[Dataset records]
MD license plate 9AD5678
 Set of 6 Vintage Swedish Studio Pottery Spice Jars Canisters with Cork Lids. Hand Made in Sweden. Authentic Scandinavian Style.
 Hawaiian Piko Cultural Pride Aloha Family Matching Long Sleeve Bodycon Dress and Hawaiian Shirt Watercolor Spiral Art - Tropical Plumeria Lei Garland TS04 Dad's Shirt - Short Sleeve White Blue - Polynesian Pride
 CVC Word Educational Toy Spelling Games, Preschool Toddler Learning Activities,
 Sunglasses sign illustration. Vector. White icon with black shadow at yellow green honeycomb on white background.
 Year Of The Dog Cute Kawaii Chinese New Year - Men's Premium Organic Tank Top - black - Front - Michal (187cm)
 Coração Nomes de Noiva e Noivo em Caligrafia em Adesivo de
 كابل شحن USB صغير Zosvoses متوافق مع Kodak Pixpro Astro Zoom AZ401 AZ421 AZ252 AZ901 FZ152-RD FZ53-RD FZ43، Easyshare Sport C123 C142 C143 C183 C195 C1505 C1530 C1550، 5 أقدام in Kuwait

- PROMPT -
Report each line of the entries where the word "White" occurs.

- ANSWER TO THE EXERCISE -
 Hawaiian Piko Cultural Pride Aloha Family Matching Long Sleeve Bodycon Dress and Hawaiian Shirt Watercolor Spiral Art - Tropical Plumeria Lei Garland TS04 Dad's Shirt - Short Sleeve White Blue - Polynesian Pride
 Sunglasses sign illustration. Vector. White icon with black shadow at yellow green honeycomb on white background.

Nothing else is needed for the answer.